Before Gates, there was some precedent for the analysis of African American folk heroes as destructive agents of an oppressive hierarchical system. In the 1920s and 1930s, T. S. Eliot and Ezra Pound engaged in an epistolary correspondence.[11] Both writers signed the letters with pseudonyms adopted from the Uncle Remus tales; Eliot was "Possum;" Pound was "Tar Baby." Pound and Eliot wrote in the same "African slave" dialect of the tales. Pound, writing later of the series of letters, distinguished the language from "the Queen's English, the language of public propriety."[11] This rebellion against proper language came as part of "collaboration" between Pound and Eliot "against the London literary establishment and the language that it used."[11] Although Pound and Eliot were not attempting to overthrow an establishment as expansive as the one oppressing the African American slave community, they were actively trying to establish for themselves a new kind of literary freedom. In their usage of the Uncle Remus trickster figures' names and dialects, they display an early understanding of the way in which cleverly manipulated language can dismantle a restrictive hierarchy.

African American literary criticism and folktales are not the only place in the American literary tradition that tricksters are to be found combating subjugation from within an oppressive system. In When Brer Rabbit Meets Coyote, the argument is posited that the Brer Rabbit stories were derived from a mixture of African and Native American mythology, thus attributing part of the credit for the formation of the tales and wiles of Brer Rabbit to "Indian captivity narratives" and the rabbit trickster found in Cherokee mythology.[12][13] In arguing for a merged "African–Native American folklore", the idea is forwarded that certain shared "cultural affinities" between African Americans and Native Americans allowed both groups "through the trickster tales…survive[d] European American cultural and political domination."[12]

In Native American tradition

While the trickster crosses various cultural traditions, there are significant differences between tricksters in the traditions of different parts of the world:

Many native traditions held clowns and tricksters as essential to any contact with the sacred. People could not pray until they had laughed, because laughter opens and frees from rigid preconception. Humans had to have tricksters within the most sacred ceremonies for fear that they forget the sacred comes through upset, reversal, surprise. The trickster in most native traditions is essential to creation, to birth.[14]

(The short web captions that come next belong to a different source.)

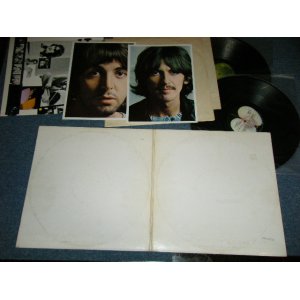 画像:  BEATLES  - THE BEATLES ( WHITE ALBUM ) ( A0540445) ( Matrix #  A) SWBO-1- 101-J46 11  B) SWBO-2- 101-J46 11  C) SWBO-3- 101-J48 #4   D) SWBO-2- 101-J44 11 "2  )  (INSERTS : 1xPoster + 3x Pin up's  )    )  ( Ex+/Ex+++ )  / 1968 US AMERICA ORIGINAL "2nd Press : A-6 :  The CONTINUING STORY of "BUNGALOW BILL"  Label  "  "APPLE  Label"  Used 2-LP 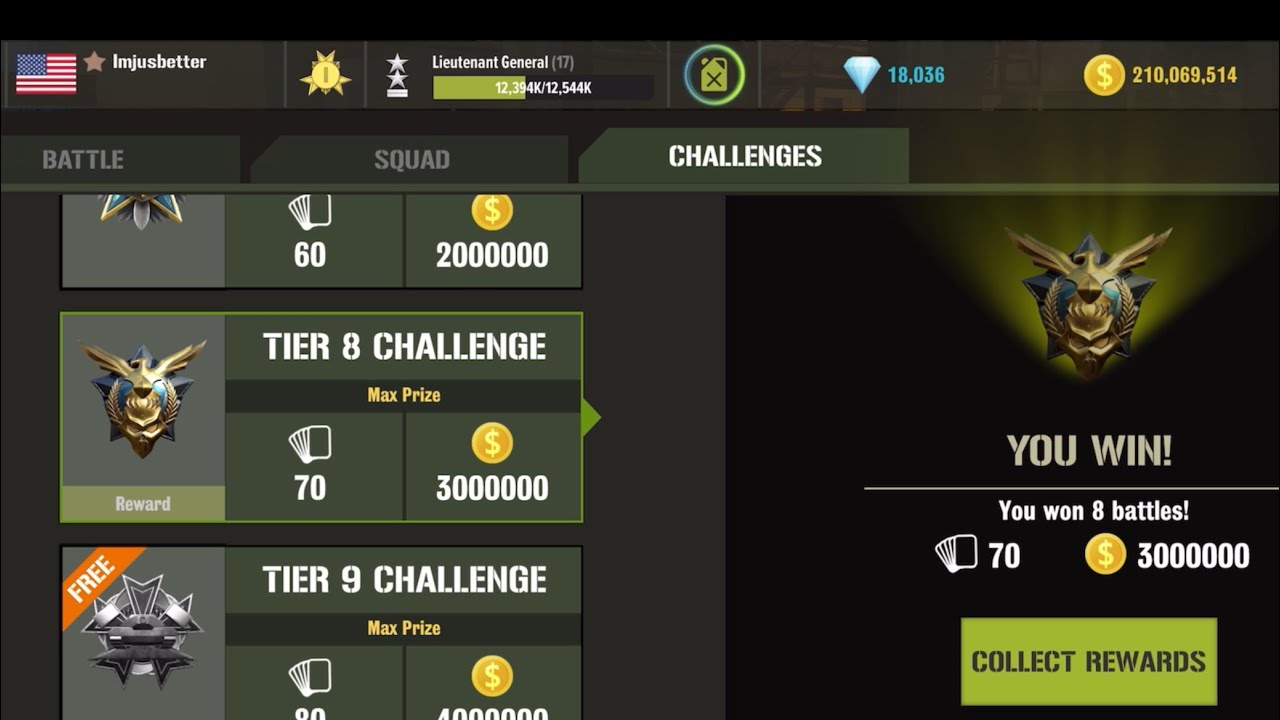 $ 3,000,000! - 70 POWER UPS! - TIER 8 CHALLENGE MEDAL! - War Machines! - Imjusbetter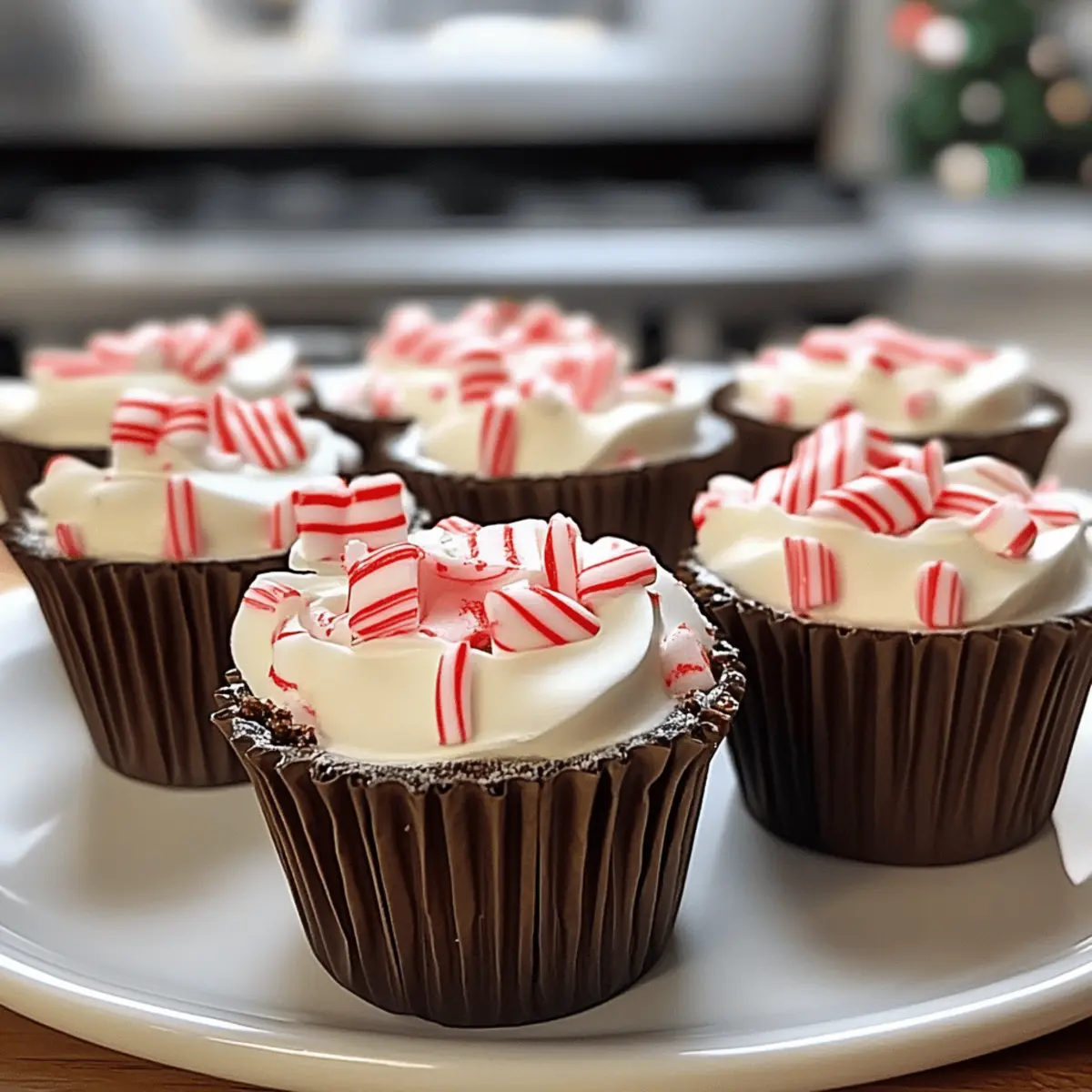 Peppermint Bark Cups
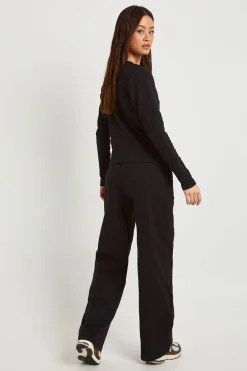 boohoo Ensemble Haut Col Rond Boutonné Et Pantalon En Coton Pour Femme Grande Taille<Femme Ensembles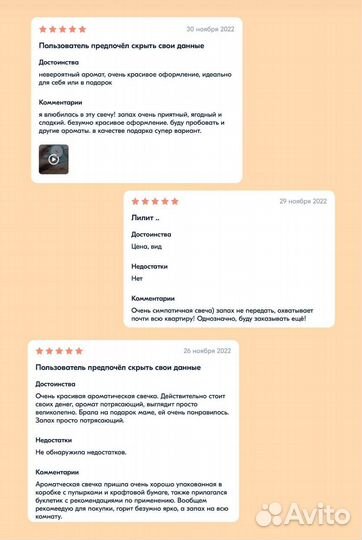 Свечи ароматические оптом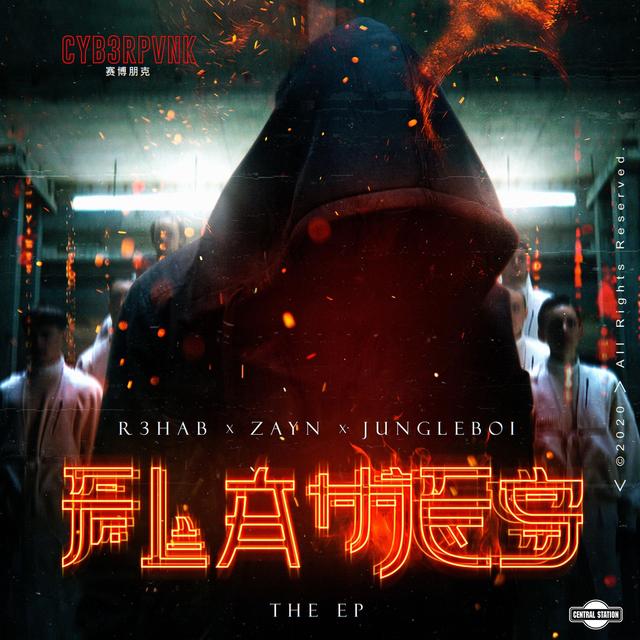 Album cover art for Flames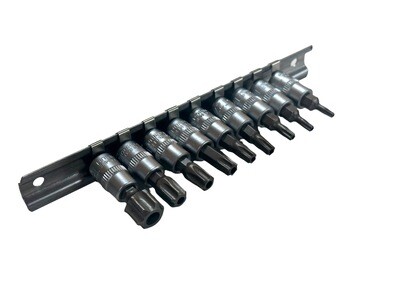 9Pc Socket Set Tamper Proof 1/4" Dr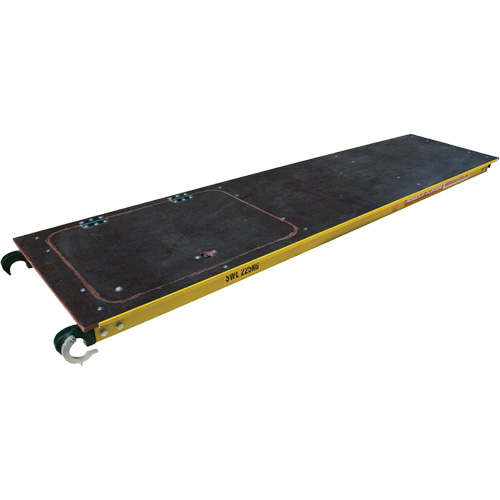 Composants pour &eacute;chafaudages la tour en fibre de verre, Fibre de verre, 8' lo x 94-1/2" la Advanced Consulting and Training Ltd.
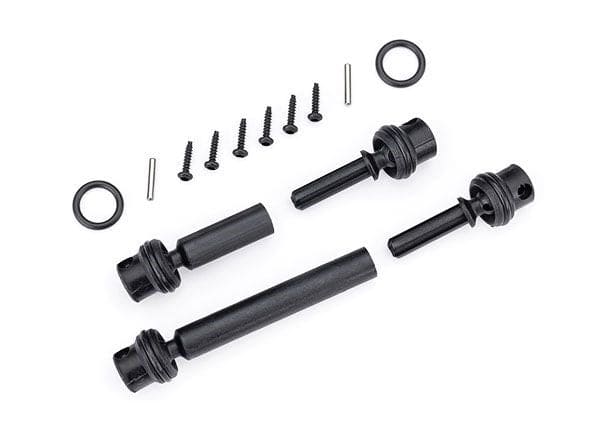 TRA9855 Traxxas Driveshafts,Center,Assembled(F&R)(1/18 w/Long Wheelbase)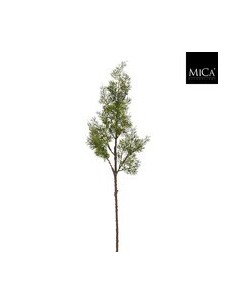 Rama de Cedro Verde 80 cm Decoración Natural Navideña y Rústica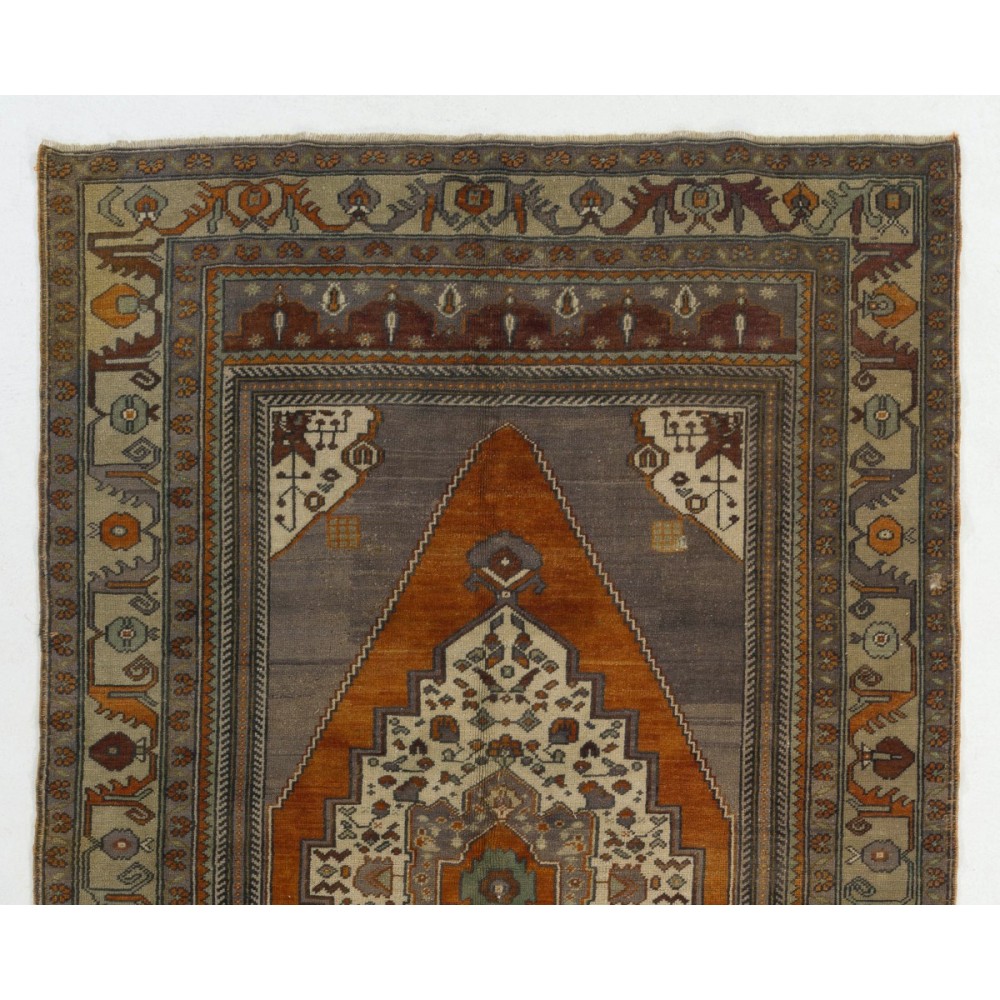 One-of-a-Kind Vintage Handmade Anatolian Taspinar Rug, 100% Wool. Soft Colors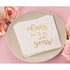 Juvale Cheers to 30 Years Cocktail Napkins, 5 x 5 In, 3-Ply White & Gold Foil, 50 Pack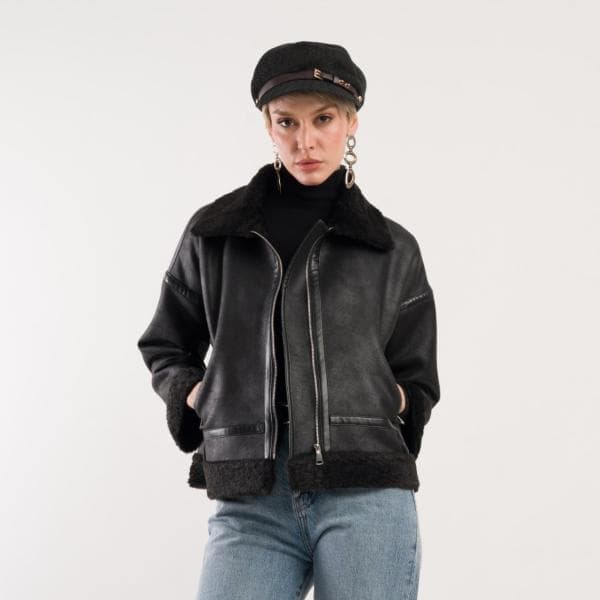 کت چرم بوفالو کد 1739 - تصویر 2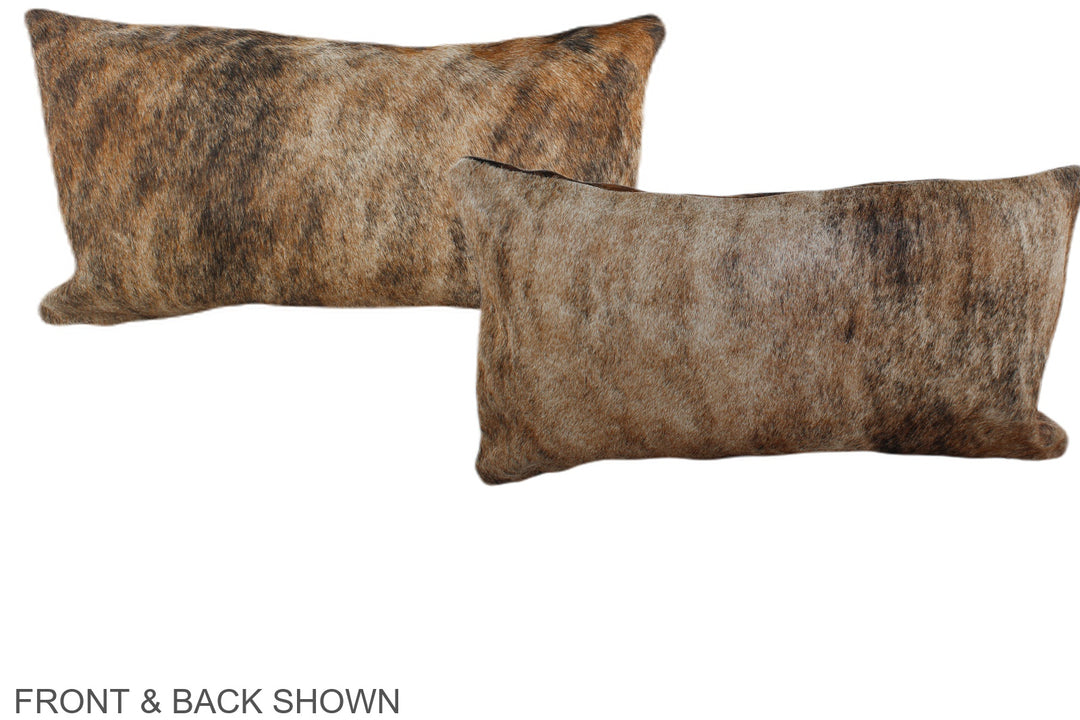 Light Brindle 12"x22" Brazilian Cowhide Pillow #A38641 by Hudson Hides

Native American tricksters should not be confused with the European fictional picaro. One of the most important distinctions is that "we can see in the Native American trickster an openness to life's multiplicity and paradoxes largely missing in the modern Euro-American moral tradition".[15] In some stories the Native American trickster is foolish and other times wise. He can be a hero in one tale and a villain in the next.

In many Native American and First Nations mythologies, the Coyote spirit (Southwestern United States) or Raven spirit (Pacific Northwest) stole fire from the gods (stars, moon, and/or sun). Both are usually seen as jokesters and pranksters. In Native American creation stories, when Coyote teaches humans how to catch salmon, he makes the first fish weir out of logs and branches.[1]

Wakdjunga in Winnebago mythology is an example of the trickster archetype.

Coyote

Coyote often has the role of trickster as well as a clown in traditional stories.

The Coyote mythos is one of the most popular among western Native American cultures, especially among indigenous peoples of California and the Great Basin.

According to Crow (and other Plains) tradition, Old Man Coyote impersonates the Creator: "Old Man Coyote took up a handful of mud and out of it made people".[16] He also bestowed names on buffalo, deer, elk, antelopes, and bear. According to A. Hultkranz, the impersonation of Coyote as Creator is a result of a taboo, a mythic substitute to the religious notion of the Great Spirit whose name was too dangerous and/or sacred to use apart from at special ceremonies.[citation needed]

In Chelan myths, Coyote belongs to the animal people but he is at the same time "a power just like the Creator, the head of all the creatures." while still being a subject of the Creator who can punish him or remove his powers.[17] In the Pacific Northwest tradition, Coyote is mostly mentioned as a messenger, or minor power.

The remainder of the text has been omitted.